> [TO DO] Word for word, restate the lines from the start of the data down to the line with "Conheça Editedimage_1788965431503_page do", both included.

> [Records from a dataset]
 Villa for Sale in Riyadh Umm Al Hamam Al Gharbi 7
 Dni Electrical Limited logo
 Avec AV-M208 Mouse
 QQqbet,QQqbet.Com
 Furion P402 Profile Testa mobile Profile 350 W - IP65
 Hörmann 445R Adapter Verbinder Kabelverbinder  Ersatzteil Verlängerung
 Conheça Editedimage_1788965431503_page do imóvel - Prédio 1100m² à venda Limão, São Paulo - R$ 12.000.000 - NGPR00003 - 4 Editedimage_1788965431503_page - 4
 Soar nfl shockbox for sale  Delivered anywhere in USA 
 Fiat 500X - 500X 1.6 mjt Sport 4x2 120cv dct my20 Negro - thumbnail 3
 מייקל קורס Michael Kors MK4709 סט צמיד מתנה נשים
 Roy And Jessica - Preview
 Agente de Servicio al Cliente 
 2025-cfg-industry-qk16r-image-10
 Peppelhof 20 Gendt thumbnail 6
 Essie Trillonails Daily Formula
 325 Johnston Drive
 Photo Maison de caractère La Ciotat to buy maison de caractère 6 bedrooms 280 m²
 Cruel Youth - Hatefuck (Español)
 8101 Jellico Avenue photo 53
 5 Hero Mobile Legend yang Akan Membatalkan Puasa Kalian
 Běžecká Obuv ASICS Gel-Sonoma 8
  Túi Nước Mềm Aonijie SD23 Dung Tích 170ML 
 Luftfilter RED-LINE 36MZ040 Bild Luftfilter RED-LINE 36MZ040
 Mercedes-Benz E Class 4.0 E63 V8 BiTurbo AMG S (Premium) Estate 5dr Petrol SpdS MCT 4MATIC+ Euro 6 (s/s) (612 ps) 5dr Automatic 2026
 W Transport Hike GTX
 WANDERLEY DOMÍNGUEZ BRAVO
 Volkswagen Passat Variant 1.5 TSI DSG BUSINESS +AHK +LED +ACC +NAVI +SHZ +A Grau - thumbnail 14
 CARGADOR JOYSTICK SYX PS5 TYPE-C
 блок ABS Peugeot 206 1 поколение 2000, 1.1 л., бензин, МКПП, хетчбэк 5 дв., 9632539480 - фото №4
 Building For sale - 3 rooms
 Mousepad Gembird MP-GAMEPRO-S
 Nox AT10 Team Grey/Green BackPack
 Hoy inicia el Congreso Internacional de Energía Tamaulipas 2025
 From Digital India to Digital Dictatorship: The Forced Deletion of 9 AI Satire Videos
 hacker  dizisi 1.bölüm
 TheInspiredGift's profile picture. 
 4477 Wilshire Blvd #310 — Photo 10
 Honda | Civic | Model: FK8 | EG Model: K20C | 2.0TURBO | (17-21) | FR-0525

> [EXERCISE RESULT]
 Villa for Sale in Riyadh Umm Al Hamam Al Gharbi 7
 Dni Electrical Limited logo
 Avec AV-M208 Mouse
 QQqbet,QQqbet.Com
 Furion P402 Profile Testa mobile Profile 350 W - IP65
 Hörmann 445R Adapter Verbinder Kabelverbinder  Ersatzteil Verlängerung
 Conheça Editedimage_1788965431503_page do imóvel - Prédio 1100m² à venda Limão, São Paulo - R$ 12.000.000 - NGPR00003 - 4 Editedimage_1788965431503_page - 4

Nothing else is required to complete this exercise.